ACTION ITEM — Output only the lines below from the one holding "ditch witch sk81050 werktuigdrager" down to the one holding "2026 Ford Bronco Base", both end lines included and every picture dropped.

DATA SUPPLIED —
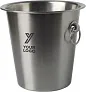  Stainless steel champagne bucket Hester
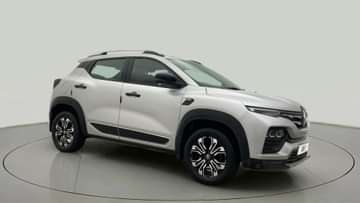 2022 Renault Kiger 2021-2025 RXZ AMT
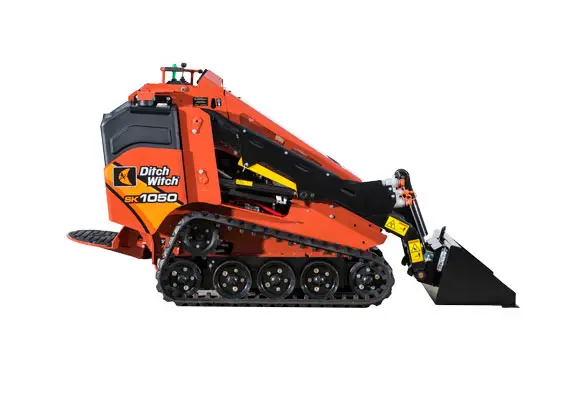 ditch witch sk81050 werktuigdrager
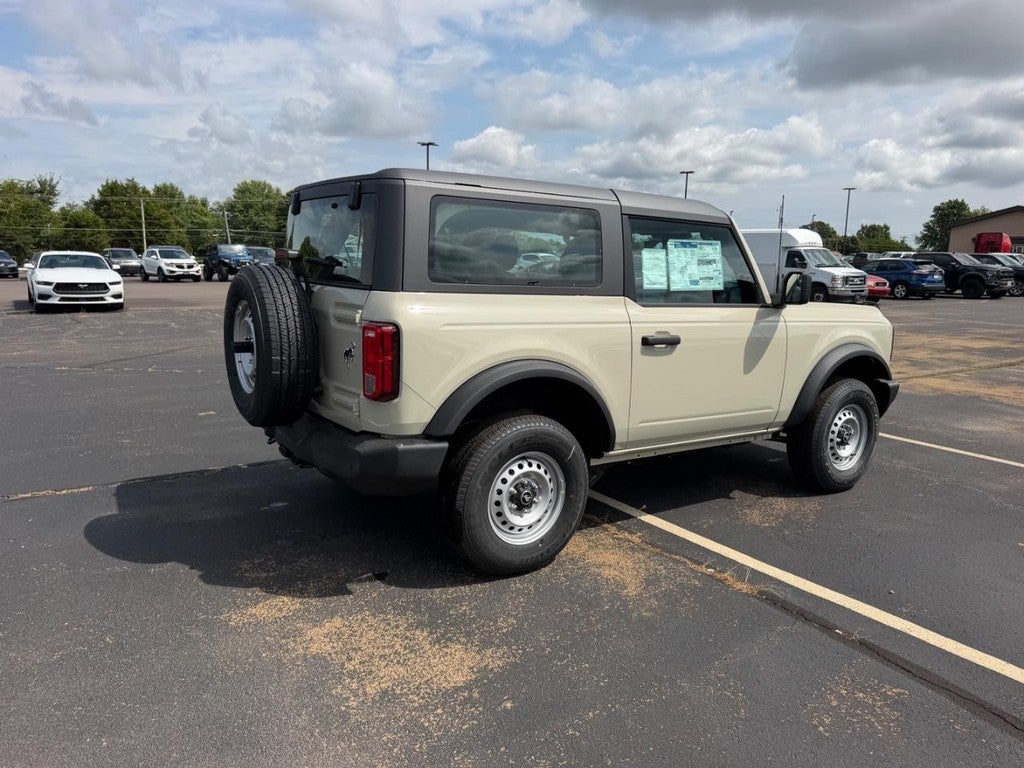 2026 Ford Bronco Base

--

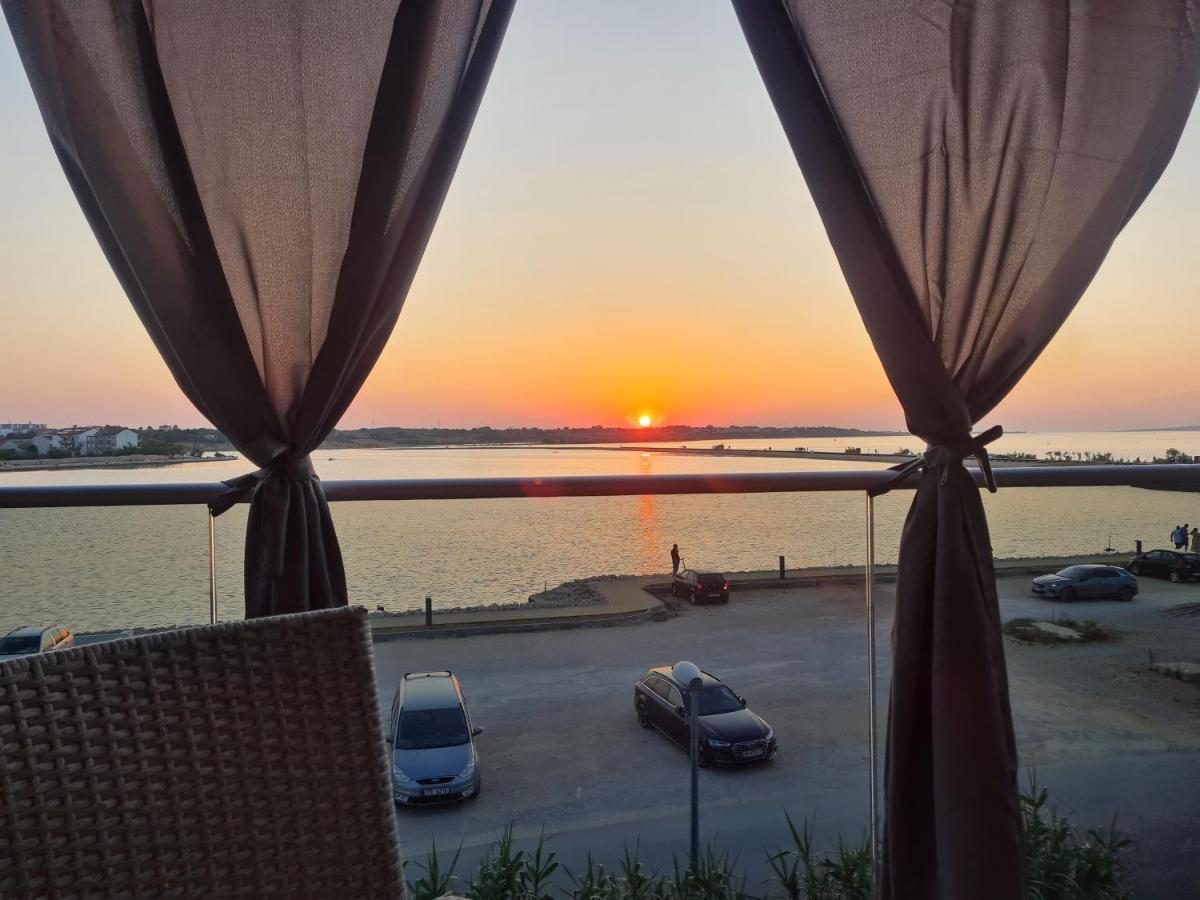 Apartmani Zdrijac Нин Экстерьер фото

RESULT OF THE EXERCISE —
 ditch witch sk81050 werktuigdrager
 2026 Ford Bronco Base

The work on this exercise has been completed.